Short web captions
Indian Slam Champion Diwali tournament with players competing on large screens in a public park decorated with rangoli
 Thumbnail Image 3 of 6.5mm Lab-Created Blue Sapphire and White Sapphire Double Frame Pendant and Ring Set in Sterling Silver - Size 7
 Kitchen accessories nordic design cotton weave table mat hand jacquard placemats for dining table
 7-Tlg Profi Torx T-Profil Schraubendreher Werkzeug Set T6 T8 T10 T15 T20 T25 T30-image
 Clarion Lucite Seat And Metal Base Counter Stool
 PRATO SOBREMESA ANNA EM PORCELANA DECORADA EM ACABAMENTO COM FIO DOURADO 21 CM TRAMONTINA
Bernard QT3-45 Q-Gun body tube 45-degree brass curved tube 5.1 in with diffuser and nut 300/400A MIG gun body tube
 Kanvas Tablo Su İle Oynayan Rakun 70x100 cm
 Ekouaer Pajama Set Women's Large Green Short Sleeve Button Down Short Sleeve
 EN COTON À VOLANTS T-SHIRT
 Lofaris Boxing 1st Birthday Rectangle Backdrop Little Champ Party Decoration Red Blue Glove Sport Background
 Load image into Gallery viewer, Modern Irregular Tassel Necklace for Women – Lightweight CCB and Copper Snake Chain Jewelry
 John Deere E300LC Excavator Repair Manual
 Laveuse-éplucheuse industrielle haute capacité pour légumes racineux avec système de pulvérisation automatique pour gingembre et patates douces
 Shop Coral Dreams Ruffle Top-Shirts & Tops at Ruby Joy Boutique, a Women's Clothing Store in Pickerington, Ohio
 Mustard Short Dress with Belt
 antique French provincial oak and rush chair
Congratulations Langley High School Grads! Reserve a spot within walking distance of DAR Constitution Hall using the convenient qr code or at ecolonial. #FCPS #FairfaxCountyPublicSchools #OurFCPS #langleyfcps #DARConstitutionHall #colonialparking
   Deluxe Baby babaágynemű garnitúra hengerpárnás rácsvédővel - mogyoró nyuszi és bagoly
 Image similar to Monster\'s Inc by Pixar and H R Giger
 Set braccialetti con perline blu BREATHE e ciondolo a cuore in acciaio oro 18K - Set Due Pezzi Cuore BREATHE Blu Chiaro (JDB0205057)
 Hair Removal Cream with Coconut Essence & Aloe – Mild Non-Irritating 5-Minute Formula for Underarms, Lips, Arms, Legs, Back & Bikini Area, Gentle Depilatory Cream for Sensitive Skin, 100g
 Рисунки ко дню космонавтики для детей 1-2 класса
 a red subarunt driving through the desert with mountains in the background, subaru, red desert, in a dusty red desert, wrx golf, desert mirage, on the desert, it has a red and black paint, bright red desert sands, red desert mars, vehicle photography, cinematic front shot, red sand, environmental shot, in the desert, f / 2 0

- _Task prompt_: The answer consists solely of the lines from the one containing "Рисунки ко дню" through the last line of the data above, reproduced exactly.

- _The answer_:
 Рисунки ко дню космонавтики для детей 1-2 класса
 a red subarunt driving through the desert with mountains in the background, subaru, red desert, in a dusty red desert, wrx golf, desert mirage, on the desert, it has a red and black paint, bright red desert sands, red desert mars, vehicle photography, cinematic front shot, red sand, environmental shot, in the desert, f / 2 0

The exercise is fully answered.